▶ _Task instructions_:
Each line from the one containing "Metal End Table" through the end of the data is to be written out exactly, and nothing more.

++++

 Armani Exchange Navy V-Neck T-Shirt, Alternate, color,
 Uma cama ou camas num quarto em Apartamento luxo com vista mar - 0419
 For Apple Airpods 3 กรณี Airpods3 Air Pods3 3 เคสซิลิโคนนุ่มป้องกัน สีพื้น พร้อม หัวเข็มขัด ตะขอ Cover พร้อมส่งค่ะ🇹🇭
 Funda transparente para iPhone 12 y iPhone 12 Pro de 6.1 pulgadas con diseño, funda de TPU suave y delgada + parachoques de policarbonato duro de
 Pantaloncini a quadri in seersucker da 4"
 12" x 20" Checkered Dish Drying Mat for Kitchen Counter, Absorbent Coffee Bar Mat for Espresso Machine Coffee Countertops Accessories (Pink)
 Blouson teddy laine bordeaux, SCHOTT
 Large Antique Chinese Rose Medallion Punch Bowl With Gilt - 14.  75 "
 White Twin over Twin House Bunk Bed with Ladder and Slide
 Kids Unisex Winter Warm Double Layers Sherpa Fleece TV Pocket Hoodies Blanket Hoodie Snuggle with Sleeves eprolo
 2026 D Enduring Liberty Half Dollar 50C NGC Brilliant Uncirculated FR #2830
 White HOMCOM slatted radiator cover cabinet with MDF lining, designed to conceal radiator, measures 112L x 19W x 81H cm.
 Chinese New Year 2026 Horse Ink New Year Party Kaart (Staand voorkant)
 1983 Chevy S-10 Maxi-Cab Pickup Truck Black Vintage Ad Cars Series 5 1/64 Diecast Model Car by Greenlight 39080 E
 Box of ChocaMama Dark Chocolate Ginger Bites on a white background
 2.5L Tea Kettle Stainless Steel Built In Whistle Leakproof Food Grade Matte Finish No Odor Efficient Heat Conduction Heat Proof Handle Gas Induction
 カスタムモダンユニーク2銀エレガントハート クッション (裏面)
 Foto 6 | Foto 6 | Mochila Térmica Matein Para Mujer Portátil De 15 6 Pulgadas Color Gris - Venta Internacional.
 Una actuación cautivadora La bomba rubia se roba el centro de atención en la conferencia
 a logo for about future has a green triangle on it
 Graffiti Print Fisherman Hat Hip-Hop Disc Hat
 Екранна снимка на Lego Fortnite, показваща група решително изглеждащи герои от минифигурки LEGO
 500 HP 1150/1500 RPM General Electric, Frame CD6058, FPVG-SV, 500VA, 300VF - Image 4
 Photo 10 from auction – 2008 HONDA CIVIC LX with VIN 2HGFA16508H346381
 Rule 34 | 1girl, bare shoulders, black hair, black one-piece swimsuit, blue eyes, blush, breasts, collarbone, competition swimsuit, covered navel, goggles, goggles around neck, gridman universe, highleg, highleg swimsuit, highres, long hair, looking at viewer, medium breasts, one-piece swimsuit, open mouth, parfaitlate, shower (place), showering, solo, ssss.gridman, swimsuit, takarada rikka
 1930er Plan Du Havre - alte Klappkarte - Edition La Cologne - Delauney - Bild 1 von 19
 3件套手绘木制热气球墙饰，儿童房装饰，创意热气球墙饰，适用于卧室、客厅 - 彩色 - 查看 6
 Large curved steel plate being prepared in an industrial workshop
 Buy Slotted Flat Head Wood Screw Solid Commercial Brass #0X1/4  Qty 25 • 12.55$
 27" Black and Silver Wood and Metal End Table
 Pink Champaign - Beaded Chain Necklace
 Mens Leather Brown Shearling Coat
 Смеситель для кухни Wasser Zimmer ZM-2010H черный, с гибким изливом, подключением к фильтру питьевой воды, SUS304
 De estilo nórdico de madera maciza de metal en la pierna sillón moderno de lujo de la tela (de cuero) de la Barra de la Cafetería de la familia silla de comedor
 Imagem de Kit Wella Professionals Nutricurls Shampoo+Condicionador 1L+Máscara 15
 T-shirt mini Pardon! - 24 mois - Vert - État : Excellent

++++

▶ _Result of this exercise_:
 27" Black and Silver Wood and Metal End Table
 Pink Champaign - Beaded Chain Necklace
 Mens Leather Brown Shearling Coat
 Смеситель для кухни Wasser Zimmer ZM-2010H черный, с гибким изливом, подключением к фильтру питьевой воды, SUS304
 De estilo nórdico de madera maciza de metal en la pierna sillón moderno de lujo de la tela (de cuero) de la Barra de la Cafetería de la familia silla de comedor
 Imagem de Kit Wella Professionals Nutricurls Shampoo+Condicionador 1L+Máscara 15
 T-shirt mini Pardon! - 24 mois - Vert - État : Excellent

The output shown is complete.